** Opening RECORD EXCERPTS block **

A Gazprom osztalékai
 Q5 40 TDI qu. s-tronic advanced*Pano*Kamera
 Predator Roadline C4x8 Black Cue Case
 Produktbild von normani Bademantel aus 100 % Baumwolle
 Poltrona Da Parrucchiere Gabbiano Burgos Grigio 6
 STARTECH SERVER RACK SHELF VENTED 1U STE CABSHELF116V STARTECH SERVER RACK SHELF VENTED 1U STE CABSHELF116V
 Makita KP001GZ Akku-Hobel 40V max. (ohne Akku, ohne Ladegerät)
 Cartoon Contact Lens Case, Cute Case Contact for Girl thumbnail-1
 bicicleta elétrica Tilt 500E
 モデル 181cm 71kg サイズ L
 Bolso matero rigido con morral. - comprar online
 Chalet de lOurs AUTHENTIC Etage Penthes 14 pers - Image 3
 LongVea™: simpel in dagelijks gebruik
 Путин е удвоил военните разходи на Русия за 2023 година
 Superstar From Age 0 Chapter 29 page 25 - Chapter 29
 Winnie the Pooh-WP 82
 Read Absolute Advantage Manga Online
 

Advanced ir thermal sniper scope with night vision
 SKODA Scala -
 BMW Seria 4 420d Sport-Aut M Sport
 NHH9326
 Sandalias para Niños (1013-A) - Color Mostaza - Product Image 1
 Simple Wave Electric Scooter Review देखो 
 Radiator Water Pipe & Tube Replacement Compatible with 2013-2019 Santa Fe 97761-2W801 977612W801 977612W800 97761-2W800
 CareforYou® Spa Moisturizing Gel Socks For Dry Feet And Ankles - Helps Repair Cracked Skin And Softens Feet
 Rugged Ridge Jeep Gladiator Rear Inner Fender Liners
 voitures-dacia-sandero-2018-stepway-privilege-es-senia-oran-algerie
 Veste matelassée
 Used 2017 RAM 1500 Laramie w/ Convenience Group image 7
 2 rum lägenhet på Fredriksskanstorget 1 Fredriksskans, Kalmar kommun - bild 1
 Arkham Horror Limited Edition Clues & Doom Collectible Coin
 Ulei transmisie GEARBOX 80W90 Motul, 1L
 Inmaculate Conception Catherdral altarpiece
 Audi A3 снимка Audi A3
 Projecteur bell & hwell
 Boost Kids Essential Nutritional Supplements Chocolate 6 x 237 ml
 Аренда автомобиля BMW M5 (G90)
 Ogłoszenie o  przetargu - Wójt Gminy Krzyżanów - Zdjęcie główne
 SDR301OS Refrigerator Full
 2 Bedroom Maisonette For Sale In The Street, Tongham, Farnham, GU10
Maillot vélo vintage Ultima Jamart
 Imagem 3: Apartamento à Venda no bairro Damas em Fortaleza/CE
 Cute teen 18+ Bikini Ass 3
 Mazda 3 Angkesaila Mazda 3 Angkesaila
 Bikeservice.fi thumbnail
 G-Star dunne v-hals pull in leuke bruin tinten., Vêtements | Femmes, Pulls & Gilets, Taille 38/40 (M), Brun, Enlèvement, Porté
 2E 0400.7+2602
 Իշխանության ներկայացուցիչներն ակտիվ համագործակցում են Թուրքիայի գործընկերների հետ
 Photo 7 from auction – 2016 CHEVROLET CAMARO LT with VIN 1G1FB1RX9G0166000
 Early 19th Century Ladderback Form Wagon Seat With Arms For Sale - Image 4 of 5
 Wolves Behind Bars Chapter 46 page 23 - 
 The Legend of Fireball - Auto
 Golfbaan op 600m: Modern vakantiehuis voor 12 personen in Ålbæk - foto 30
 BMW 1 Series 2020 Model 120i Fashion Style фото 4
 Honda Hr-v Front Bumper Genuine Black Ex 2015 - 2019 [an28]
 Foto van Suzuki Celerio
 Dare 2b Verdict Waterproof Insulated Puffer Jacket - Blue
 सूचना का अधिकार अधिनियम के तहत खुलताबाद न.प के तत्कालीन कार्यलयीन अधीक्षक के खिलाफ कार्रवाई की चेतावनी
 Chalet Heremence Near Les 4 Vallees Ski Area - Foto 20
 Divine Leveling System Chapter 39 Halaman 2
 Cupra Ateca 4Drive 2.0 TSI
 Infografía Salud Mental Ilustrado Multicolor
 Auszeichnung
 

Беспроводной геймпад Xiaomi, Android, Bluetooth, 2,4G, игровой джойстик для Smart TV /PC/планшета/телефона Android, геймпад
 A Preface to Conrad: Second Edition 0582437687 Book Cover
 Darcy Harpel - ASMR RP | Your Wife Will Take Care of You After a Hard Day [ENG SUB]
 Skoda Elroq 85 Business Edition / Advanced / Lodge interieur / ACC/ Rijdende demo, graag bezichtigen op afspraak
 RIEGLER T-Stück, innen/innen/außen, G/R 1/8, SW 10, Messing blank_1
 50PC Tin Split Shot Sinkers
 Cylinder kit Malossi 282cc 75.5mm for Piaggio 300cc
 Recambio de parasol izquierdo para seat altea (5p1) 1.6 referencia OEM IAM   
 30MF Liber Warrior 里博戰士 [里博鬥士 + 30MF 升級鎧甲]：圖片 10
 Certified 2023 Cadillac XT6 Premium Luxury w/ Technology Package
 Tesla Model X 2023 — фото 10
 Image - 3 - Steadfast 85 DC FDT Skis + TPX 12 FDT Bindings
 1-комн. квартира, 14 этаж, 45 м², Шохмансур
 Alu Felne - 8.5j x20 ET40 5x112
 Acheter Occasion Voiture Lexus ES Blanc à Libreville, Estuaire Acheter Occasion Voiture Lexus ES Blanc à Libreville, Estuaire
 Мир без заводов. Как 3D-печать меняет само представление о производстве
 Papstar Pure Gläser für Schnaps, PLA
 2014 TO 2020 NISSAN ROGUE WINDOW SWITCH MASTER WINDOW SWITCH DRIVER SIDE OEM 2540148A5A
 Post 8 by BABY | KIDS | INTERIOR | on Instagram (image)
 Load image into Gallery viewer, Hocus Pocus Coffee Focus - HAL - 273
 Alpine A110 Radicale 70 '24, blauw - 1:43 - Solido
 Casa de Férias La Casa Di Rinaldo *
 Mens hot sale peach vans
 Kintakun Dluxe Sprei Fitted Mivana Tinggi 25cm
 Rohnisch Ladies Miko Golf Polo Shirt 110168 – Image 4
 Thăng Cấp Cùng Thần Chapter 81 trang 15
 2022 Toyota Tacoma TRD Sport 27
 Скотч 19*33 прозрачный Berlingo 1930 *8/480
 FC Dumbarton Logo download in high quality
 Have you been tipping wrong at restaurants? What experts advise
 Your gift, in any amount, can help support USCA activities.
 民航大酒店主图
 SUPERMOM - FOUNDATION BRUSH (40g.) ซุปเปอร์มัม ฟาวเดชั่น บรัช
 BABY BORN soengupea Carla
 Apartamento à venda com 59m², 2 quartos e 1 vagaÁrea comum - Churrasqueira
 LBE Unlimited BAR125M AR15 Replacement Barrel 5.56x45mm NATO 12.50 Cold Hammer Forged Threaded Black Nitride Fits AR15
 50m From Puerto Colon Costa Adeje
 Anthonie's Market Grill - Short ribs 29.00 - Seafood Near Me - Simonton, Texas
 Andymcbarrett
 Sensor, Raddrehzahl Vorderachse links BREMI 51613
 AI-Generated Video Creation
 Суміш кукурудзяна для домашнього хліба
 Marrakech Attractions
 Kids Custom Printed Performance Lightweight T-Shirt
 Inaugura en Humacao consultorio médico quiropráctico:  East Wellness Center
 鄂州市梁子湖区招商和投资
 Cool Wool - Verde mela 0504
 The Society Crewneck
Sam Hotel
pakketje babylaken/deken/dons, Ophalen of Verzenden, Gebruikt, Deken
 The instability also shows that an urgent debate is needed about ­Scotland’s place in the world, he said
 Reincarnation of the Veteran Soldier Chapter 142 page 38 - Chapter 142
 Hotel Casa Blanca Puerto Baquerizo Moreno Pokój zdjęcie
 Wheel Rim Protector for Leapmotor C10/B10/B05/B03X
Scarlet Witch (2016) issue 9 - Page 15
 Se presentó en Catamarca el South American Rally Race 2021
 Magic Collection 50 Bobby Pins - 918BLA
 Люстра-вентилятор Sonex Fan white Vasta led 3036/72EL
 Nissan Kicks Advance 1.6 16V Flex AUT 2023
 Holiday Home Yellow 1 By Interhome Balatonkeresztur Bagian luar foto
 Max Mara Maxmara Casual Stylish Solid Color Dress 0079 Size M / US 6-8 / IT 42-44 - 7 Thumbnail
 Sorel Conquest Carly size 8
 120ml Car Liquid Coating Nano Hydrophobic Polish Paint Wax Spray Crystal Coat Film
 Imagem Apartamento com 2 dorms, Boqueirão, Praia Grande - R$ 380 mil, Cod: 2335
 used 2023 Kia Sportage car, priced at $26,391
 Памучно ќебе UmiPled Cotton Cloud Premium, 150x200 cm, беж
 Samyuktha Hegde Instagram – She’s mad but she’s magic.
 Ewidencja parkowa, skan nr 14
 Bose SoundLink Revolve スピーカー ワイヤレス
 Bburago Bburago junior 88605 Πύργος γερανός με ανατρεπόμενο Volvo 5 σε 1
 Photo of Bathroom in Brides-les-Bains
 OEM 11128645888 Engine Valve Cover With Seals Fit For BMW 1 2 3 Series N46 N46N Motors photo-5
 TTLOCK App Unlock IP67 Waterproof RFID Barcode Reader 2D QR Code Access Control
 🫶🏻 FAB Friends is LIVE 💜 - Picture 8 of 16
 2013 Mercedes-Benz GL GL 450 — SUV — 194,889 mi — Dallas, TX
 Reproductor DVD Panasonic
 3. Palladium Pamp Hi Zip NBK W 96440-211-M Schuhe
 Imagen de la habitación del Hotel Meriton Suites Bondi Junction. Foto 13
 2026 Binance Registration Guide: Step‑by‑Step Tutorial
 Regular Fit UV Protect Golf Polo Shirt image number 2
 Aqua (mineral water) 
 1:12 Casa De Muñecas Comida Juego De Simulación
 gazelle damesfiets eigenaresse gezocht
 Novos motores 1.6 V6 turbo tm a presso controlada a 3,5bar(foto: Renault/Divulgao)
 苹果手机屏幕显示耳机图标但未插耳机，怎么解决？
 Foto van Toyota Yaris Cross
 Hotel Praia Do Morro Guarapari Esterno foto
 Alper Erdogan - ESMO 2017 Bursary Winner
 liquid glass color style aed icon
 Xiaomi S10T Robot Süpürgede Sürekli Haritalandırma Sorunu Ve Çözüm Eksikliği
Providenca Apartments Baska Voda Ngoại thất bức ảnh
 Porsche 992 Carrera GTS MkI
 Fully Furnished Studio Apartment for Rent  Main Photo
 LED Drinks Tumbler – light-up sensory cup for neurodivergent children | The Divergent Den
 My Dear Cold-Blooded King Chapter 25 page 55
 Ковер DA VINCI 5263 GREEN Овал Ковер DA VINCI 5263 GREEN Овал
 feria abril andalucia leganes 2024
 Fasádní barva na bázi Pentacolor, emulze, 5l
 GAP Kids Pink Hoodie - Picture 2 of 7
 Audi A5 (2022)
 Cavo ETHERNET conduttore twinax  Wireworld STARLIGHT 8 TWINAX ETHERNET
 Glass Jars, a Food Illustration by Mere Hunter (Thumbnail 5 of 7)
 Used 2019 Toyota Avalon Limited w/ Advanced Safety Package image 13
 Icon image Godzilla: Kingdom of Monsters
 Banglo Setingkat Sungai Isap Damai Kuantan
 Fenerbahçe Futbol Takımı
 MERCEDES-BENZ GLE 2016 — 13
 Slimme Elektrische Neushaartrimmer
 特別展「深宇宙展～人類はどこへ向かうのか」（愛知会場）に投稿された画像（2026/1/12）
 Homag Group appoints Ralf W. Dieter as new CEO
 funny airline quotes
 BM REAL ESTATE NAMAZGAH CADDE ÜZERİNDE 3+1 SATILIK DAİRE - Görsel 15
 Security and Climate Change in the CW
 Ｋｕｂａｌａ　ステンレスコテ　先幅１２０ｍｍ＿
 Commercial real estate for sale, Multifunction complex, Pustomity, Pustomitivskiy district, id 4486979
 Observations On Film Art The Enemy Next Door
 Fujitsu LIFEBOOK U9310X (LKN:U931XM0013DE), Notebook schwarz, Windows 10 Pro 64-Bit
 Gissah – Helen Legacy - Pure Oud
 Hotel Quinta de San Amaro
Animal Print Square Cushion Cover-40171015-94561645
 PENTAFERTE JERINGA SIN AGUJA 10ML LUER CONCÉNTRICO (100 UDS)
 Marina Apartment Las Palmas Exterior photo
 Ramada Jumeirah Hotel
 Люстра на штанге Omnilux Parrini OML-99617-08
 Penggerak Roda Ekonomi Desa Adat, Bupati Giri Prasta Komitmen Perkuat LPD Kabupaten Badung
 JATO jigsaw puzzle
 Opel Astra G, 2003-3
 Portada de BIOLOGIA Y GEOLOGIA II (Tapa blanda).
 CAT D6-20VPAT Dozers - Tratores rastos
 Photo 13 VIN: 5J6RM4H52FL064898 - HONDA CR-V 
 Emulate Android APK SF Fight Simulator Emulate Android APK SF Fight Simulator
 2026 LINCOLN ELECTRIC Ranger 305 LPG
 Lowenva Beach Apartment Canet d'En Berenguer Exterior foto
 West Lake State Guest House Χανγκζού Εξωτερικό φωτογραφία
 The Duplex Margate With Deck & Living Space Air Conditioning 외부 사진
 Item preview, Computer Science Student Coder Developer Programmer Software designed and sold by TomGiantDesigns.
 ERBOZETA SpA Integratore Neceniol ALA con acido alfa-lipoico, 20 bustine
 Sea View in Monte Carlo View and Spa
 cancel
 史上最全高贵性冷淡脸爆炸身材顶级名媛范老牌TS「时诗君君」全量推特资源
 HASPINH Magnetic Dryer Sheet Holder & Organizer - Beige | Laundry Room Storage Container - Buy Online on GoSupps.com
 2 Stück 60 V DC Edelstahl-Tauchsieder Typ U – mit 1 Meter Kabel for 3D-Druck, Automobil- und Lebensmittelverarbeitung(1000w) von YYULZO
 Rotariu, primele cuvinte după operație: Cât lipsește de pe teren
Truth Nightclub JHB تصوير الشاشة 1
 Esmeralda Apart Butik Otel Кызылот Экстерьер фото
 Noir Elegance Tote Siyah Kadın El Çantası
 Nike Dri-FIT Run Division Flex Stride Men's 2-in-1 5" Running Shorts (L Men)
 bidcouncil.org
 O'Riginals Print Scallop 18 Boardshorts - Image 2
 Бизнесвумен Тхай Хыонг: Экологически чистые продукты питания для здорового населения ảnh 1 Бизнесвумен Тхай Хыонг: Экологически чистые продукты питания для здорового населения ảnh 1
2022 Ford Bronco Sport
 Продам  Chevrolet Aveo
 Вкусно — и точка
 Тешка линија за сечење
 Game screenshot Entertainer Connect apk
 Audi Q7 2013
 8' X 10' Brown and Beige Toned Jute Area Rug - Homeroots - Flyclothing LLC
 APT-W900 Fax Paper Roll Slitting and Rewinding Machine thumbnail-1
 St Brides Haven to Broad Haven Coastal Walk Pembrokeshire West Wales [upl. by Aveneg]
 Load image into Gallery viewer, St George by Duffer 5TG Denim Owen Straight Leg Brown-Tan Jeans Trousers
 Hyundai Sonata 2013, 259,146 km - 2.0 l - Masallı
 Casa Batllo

** Closing RECORD EXCERPTS block **

▶ **ASSIGNMENT**
What you return must be an exact retyping of the lines above starting at the line with "2E 0400.7+2602" and ending at the line with "Early 19th Century", and nothing besides.

▶ **OUTPUT OF THE TASK**
 2E 0400.7+2602
 Իշխանության ներկայացուցիչներն ակտիվ համագործակցում են Թուրքիայի գործընկերների հետ
 Photo 7 from auction – 2016 CHEVROLET CAMARO LT with VIN 1G1FB1RX9G0166000
 Early 19th Century Ladderback Form Wagon Seat With Arms For Sale - Image 4 of 5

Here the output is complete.